What is a trust and what kinds of trusts are there?

Trusts were invented to avoid taxes imposed by the English crown in medieval times.

Henry VIII introduced the Statute of Uses to counteract tax evasion by users of trusts. The preamble includes the following:

Subtle inventions and practices have been used whereby hereditaments of this Realm have been conveyed from one to another … craftily made to secret uses … sometimes by signs and tokens. 

Peter Haggstrom, Letters to the Editor, Australian Financial Review,  July 24, 2017

In recent times they have also been used to protect assets, to facilitate transfers from estates, and to set aside and grow wealth for people unable to care for themselves.

A trust is a legal obligation on the part of a trustee (who directly controls trust assets such as property or shares) to hold or accumulate income and assets for the benefit of a group of beneficiaries (usually family members of the individual who settled assets in the trust in the first place). ((‘Family trusts’ are private trusts whose beneficiaries are limited to family members of the individual that established or controls the trust. In some ways, they have more generous tax treatment than other private trusts. Remarkably, the definition of ‘family’ in the tax law for this purpose extends to five generations from grandparents to grandchildren.))

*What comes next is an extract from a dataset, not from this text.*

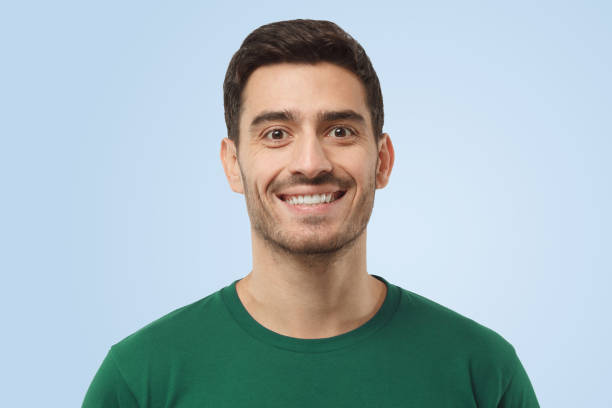 istock Attractive optimistic smiling handsome man in green t-shirt looking at camera 1391298356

There are different kinds of trusts.

Public unit trusts are used as investment vehicles (usually in property). There are few concerns about their use to avoid income tax. Most trusts however are privately controlled and often restricted to a family group.

The two main types of private trusts are fixed trusts (where beneficiaries have fixed entitlements) and discretionary trusts (where the trustee decides each year who should receive trust income).

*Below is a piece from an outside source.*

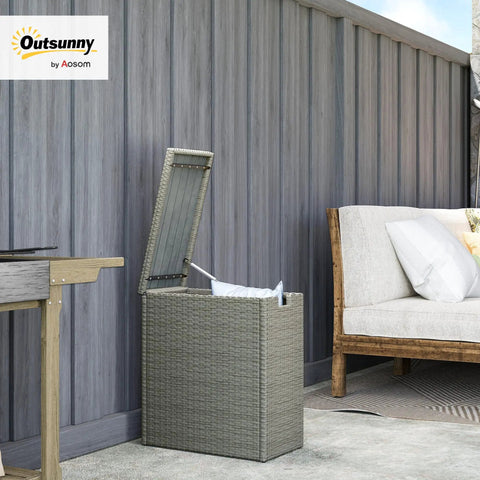 Weatherproof 17.3 Gallon Wicker Storage Box With Slatted Acacia Wood Flip Top next to outdoor sofa on patio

Trust income allocated to beneficiaries is usually held and accumulated within the trust. Trusts can either be used for investment purposes (investment trusts), or for an active business (trading trusts).

Trusts are taxed differently from companies. Companies are taxed on their income at 30% or 27.5% (depending on their size) and this tax is recouped by shareholders through ‘imputation credits’ in their tax returns. Some tax breaks such as the 50% discount for capital gains and depreciation allowances either do not apply to companies, or are ‘captured’ within the company and do not flow through to shareholders.

Trusts are only taxed if in a given year they do not distribute all of their taxable income to beneficiaries, in which case they are taxed at the top personal tax rate. However this rarely happens as the trustee generally distributes all annual income (whether in cash or on paper). To avoid taxation at any rate above 30%, discretionary trusts usually have a private company as a beneficiary. Similarly, another trust could be a beneficiary, as could the individual who controls the trust.

Unlike companies, tax breaks such as the capital gains tax discount and depreciation ‘flow through’ to beneficiaries, reducing the tax they pay (or which the trust pays on their behalf).


How many, how much?

Australian Taxation Office data reveals almost 643,000 discretionary trusts (most private trusts are this kind) in Australia in 2014-15 (the most recent figures). This is almost twice the number (330,000) two decades earlier.

 

Figure 1: Discretionary trusts

SOURCE: Australian Taxation Office, Taxation Statistics 2014-15

 

Just over half are passive investment trusts (330,000) while just under half (260,000) are trading trusts for active businesses.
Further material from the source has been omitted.